After an initial, quick evaluation of FIGAP / VIV Mexico, VIV plans to tighten its associations with the primary production sectors poultry, pigs and dairy in that country. The second edition of the exhibition, which featured a number of well-attended peripheral programmes, saw an increase in the appreciation ratings from both exhibitors and visitors.
Guus van Ham, responsible for organising the exhibition in Mexico, is happy with the increased appreciation, but wants to integrate VIV in this interesting growth market on an even broader and deeper level. "We have made significant progress. The quality of the visitors - in the sense of authority and decision-making capacity - improved. Of the attendees, 61.1% had decision-making authority and 26.8% of the visitors were involved in investment decisions in an advisory capacity. The visitor survey also shows that 82.3% of visitors are planning to attend the next exhibition", Van Ham explains, "but we feel there is more potential. In the new year we will assess how we can establish closer links to the livestock sector and food production chains, because it is clear there are things we can offer each other."
Now that these first conclusions have been drawn, two months after the event, the VIV organisation plans to look at Mexico mainly as a strong, local growth market. Mexico might not be a stepping stone to other growth markets on the South American continent but, with more than 100 million inhabitants, the country offers tremendous opportunities for the animal husbandry sector. Mexico is already the world’s fourth-largest producer of animal feed. The country occupies fifth place in the global egg production ratings. The Mexicans import huge quantities for their meat consumption, which is why the approximately 100 international exhibitors (a total of approximately 200 exhibitors) find this large, local market for poultry, pigs and dairy farming interesting.
"It goes without saying that we have serious plans to invest more in this country. Our format - not just the exhibition, but an interactive platform for knowledge exchange - has obvious potential.

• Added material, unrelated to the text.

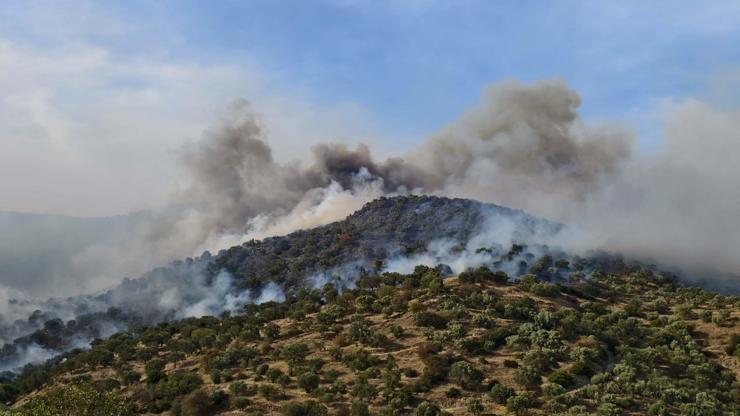 Aydın'da orman yangını Aydın'da orman yangını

By working more closely with the large local producer associations we hope to offer the industry better access and more perspective in Mexico. This will ultimately reinforce VIV's right to exist; after all, we represent and are part of the industry", says Guus van Ham.
Van Ham refers to the 2012 exhibition as 'a great improvement' over the first event organised in 2010.
"A very strong exhibition. We are very well positioned in the animal feed area and we are also on the right track in animal housing. However, we want to create more support in the rest of the chain; not only with respect to the physical exhibition floor area, but also via the peripheral programmes," says the exhibition organiser. A number of different congresses and seminars were linked to FIGAP / VIV Mexico, such as the feed production school, with participant training and certification. An international framework congress on avian influenza was also organised, in which local and international veterinary experts shared knowledge with a packed audience.
Finally there was a meeting of Conafab (Consejo Nacional de Fabricantes de Alimentos Balanceados y de la Nutrición Animal), organised for producers of animal feed, that was highly successful, and some 'big names' appeared at the round table on food safety organised by WATT Publishing.